MBIA Tells Court Restructuring Protects All Policyholders
MBIA Inc. (MBI)’s 2009 restructuring was approved by New York regulators because it protected all policyholders, including the banks challenging the decision, a lawyer for the bond insurer told a trial judge.
Banks suing MBIA can’t prove their argument that the approval of the restructuring was “arbitrary and capricious,” Marc Kasowitz, an attorney with Kasowitz Benson Torres & Friedman LLP representing Armonk, New York-based MBIA, told a state judge today in Manhattan.
“The banks are throwing as much money as they can at the wall in the hope that something will stick,” Kasowitz said.
Justice Barbara Kapnick of state Supreme Court is hearing a nonjury trial on claims by Bank of America Corp. and Societe Generale SA (GLE) that the February 2009 approval of MBIA’s proposal by then-Superintendent Eric Dinallo was based on inaccurate and incomplete information and should be annulled.
More than a dozen financial institutions sued MBIA and the state insurance department in 2009 over the restructuring. Bank of America and Societe Generale are the only banks left in the litigation after JPMorgan Chase & Co., Morgan Stanley, UBS AG and other banks dropped out.
The banks claim the restructuring exposed them to losses as policyholders by transferring $5 billion in assets out of an MBIA unit that insured risky mortgage debt.
The case being tried by Kapnick is a challenge to the approval brought under the state’s Article 78 law, which allows challenges of administrative decisions.
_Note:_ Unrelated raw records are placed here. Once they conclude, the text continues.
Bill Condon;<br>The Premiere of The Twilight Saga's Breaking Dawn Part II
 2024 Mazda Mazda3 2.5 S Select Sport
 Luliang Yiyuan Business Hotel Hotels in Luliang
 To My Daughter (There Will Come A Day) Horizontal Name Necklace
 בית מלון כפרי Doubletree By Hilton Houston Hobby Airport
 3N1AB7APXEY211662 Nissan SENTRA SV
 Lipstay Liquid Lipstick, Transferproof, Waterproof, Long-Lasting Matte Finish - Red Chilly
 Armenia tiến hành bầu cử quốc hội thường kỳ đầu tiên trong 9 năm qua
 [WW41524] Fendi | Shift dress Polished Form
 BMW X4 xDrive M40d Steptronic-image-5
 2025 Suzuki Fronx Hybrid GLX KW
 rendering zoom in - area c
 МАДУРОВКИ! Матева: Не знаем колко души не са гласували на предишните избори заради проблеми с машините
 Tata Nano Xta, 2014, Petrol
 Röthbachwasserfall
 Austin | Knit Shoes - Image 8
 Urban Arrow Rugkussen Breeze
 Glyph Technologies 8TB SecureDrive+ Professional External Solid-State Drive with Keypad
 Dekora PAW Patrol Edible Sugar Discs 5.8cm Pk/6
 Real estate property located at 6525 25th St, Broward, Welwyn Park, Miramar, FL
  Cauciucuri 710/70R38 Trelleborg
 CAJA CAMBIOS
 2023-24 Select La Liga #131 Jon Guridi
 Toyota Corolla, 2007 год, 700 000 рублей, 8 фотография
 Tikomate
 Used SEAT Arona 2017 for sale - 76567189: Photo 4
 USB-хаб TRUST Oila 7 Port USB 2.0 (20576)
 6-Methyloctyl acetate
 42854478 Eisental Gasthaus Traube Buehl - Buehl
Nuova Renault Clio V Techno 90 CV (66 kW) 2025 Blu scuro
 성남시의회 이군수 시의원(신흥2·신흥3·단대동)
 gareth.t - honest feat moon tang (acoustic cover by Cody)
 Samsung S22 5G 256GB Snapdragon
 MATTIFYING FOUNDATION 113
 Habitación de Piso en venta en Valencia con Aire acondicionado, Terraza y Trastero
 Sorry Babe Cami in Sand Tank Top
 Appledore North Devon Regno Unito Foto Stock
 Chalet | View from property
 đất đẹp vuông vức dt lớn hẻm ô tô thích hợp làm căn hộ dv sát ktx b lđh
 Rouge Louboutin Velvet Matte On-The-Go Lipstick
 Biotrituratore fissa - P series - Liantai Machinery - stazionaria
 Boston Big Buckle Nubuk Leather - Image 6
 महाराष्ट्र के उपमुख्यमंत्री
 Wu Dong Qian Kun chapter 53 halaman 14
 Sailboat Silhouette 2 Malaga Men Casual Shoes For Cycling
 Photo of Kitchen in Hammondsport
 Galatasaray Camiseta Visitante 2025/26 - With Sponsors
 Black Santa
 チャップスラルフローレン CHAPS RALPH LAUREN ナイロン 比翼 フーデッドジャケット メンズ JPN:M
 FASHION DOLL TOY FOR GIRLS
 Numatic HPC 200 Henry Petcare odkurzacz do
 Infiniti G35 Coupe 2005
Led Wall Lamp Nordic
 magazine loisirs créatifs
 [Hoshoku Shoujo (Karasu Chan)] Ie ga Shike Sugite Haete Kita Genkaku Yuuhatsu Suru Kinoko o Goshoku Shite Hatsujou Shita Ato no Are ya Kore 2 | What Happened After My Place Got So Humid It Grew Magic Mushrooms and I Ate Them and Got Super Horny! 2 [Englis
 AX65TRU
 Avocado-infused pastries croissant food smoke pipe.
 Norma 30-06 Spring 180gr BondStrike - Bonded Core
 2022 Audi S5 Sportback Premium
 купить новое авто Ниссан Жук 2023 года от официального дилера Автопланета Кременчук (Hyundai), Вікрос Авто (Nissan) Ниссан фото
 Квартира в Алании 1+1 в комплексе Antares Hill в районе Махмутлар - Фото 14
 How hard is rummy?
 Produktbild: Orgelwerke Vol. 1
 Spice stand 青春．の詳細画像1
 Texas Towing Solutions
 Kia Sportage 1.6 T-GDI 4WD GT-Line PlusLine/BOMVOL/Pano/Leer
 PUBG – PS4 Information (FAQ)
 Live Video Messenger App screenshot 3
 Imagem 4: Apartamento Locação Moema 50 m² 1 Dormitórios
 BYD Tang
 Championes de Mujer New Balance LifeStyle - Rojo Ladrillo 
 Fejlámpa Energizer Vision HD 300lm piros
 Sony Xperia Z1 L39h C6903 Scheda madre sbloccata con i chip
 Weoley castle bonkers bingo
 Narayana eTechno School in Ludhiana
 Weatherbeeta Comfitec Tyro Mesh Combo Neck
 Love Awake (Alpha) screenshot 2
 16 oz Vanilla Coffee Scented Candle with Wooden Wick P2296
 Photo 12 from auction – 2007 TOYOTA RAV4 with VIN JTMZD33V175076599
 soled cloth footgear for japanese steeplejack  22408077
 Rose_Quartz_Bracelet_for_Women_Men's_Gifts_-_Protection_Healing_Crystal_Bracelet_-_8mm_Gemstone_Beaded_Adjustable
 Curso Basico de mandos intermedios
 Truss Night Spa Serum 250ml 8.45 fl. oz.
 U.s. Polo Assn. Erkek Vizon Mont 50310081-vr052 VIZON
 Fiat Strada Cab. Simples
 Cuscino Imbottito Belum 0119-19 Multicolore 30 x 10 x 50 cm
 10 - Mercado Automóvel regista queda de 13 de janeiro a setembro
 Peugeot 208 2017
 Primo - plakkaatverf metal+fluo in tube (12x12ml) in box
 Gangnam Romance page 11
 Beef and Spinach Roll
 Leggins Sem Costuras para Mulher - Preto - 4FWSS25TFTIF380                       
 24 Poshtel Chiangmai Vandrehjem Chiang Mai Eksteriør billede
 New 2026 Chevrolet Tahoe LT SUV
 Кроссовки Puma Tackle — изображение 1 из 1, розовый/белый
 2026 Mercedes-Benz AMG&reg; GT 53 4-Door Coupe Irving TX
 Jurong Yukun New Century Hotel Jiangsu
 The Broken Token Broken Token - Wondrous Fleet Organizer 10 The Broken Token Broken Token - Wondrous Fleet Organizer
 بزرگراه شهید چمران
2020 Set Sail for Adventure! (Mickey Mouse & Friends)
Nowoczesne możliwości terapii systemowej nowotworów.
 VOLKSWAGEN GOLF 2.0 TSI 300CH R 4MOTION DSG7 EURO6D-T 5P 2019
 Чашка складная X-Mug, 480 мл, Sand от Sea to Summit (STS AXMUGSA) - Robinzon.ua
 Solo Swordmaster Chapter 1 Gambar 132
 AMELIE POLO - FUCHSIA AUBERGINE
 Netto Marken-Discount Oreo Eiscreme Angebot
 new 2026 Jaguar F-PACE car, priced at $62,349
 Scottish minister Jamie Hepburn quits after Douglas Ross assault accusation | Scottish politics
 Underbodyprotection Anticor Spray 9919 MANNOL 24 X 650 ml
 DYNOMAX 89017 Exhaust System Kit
Bank of America and Societe Generale have another lawsuit pending against MBIA, and MBIA is suing Bank of America over mortgage loans.
David Holgado, a lawyer in state Attorney General Eric Schneiderman’s office, earlier this week asked Kapnick to dismiss the lawsuit, saying the approval was rational and based on an “extraordinary” analysis by a former Insurance Department official, Jack Buchmiller.
The banks have argued that Buchmiller’s analysis was rushed and based on inaccurate and incomplete information provided by the company.
Kasowitz said the approval was based on a yearlong state investigation that included weeks of on-site review at MBIA’s headquarters by Buchmiller and other department officials, who had so much access to the company that they were given internal e-mail addresses.
“These people who were reviewing MBIA’s financials had close and unfettered access,” Kasowitz said.
The banks’ arguments that the restructuring was a “secret plan” about which they weren’t notified conflicts with statements issued in February 2008 after MBIA announced the proposal, including a Bank of America equity research note that said it was “feasible and reasonable,” Kasowitz said.
“This secrecy argument turns out to be absolutely false,” Kasowitz said. “The banks knew all along about the proposed transformation.”
The trial began May 15 and is expected to last two to four weeks. Lawyers for the banks made their opening statements last week, and attorneys for the state completed theirs earlier this week. Kasowitz is scheduled to continue his arguments when the proceedings resume on May 29.
Separately, MBIA won access to documents the bond insurer is seeking in its lawsuit against Bank of America and its Countrywide Financial unit over mortgage loans. MBIA says the information is relevant to claims that it insured loans that were riskier than promised.
New York State Supreme Court Justice Eileen Bransten ordered Countrywide to produce materials about fraud investigations by a former employee who was fired and accusations by an ex-employee of fraud in Countrywide’s loan origination process, according to a decision filed today and dated May 15. The judge also ordered the production of meeting minutes of three Countrywide senior management committees.
The cases are ABN Amro Bank v. Dinallo, 601846-2009; ABN Amro v. MBIA, 601475/2009; and MBIA Insurance v. Countrywide, 602825/2008; New York state Supreme Court (Manhattan).